This Cambodia Daily article by Michelle Vachon describes the Royal Cambodian dancers of Sisowath in 1927 photos by George Groslier. It originally appeared on April 1, 2013 as “Exhibition of Khmer Classical Dance Photos Opens in New York” and is reproduced here with permission from the copyright holder. The slide show features additional images from the Groslier collection, maintained by the National Museum of Cambodia.
“Cambodian royal dances, the admirable artistic tradition and all the indigenous past they represent are seriously threatened due to the very evolution of Cambodia and Western progress.”
These prophetic words could have been written at any time, but they were actually penned in 1928 by Georges Groslier, founder and director of the National Museum in Phnom Penh.
Georges Groslier’s concern for the future of Khmer classical dance had led him, one year earlier, to immortalize those dance movements in hundreds of photographs.

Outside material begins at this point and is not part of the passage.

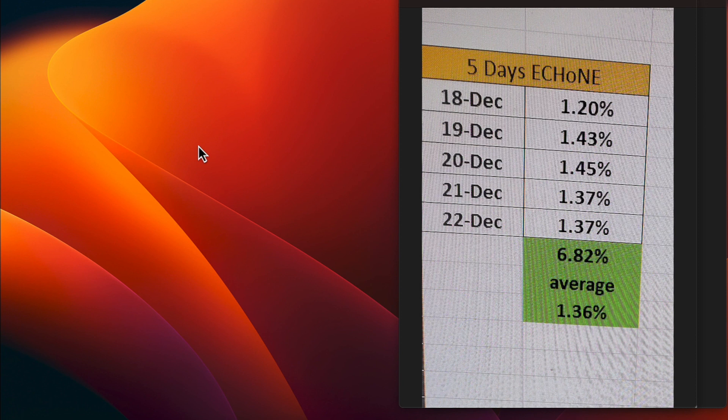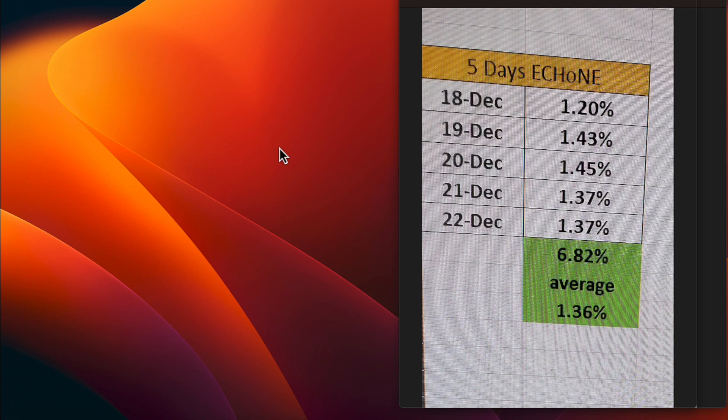On 18 December, we made a 1.2. 19 December was a 1.43. 20 December was a 1.45. 21 December was a 1.37, along with today. That gives us a 1.36 five-day average.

The images he took 86 years ago went on display Thursday at the Lincoln Center for the Performing Arts, one of New York City’s most famed theaters. The exhibition, organized by the New York Public Library for the Performing Arts, is part of the Season of Cambodia festival, which begins in two weeks in New York.
Phloeun Prim, director of the Phnom Penh-based Cambodian Living Arts, who originated the idea for Season of Cambodia, said Georges Groslier’s photographs were a perfect backdrop for the Cambodian Royal Ballet’s performance during the festival.
“Since Cambodia’s Royal Ballet would perform in New York [in May], I found them [the photographs] ideal to help the New York audience grasp the background of the country’s artistic history,” Mr. Prim said on Wednesday from New York.
In the early 20th century, Khmer classical dancers were part of the Royal Household. At the death of King Norodom in 1904, the number of dancers had drastically decreased due to King Sisowath’s reduced palace budget. By 1927, King Sisowath was 87 years old and Georges Groslier feared that the Royal Ballet would all but disappear when the King passed away. So, after obtaining the support of the Royal Palace, he started photographing classical dance for posterity.
George Groslier’s photo sessions took place at the National Museum in Phnom Penh and lasted months as every dancer’s movement had to be discussed and checked by master dancers before being photographed.
The result was 900 photos taken on glass negatives that laid forgotten until Bertrand Porte of the French research institution Ecole francaise d’Extreme-Orient (EFEO) and his colleagues in the museum’s restoration workshop found them neglected in the museum and rescued them in the late 2000s. After lengthy restoration work, they were exhibited for the first time at the National Museum in late 2011 and early 2012.
Thirty-six photos plus a slide show featuring 466 images from Georges Groslier’s collection were prepared by Mr. Porte, and sent to New York for the forthcoming festival by the National Museum in cooperation with the EFEO.
“This will contribute to the promotion of Khmer culture and the Royal Ballet of Cambodia that was inscribed on the List of Intangible Cultural Heritage of Humanity,” in 2008, National Museum Director Kong Vireak said.
The photos will remain on display at the Lincoln Center until May 11 and will afterwards become part of the archive at the New York library’s Jerome Robbins Dance Division, said Barbara Cohen-Stratyner, the library’s curator of exhibitions. This division is considered the world’s largest and most comprehensive archive on dance.
Georges Groslier would no doubt have approved of his photographs becoming part of this international collection.
As he wrote in 1928, it is crucial to protect classical Khmer dance “to present it with all its vibrancy and regained vitality to those who, caught in today’s times, would have forever deplored its loss.”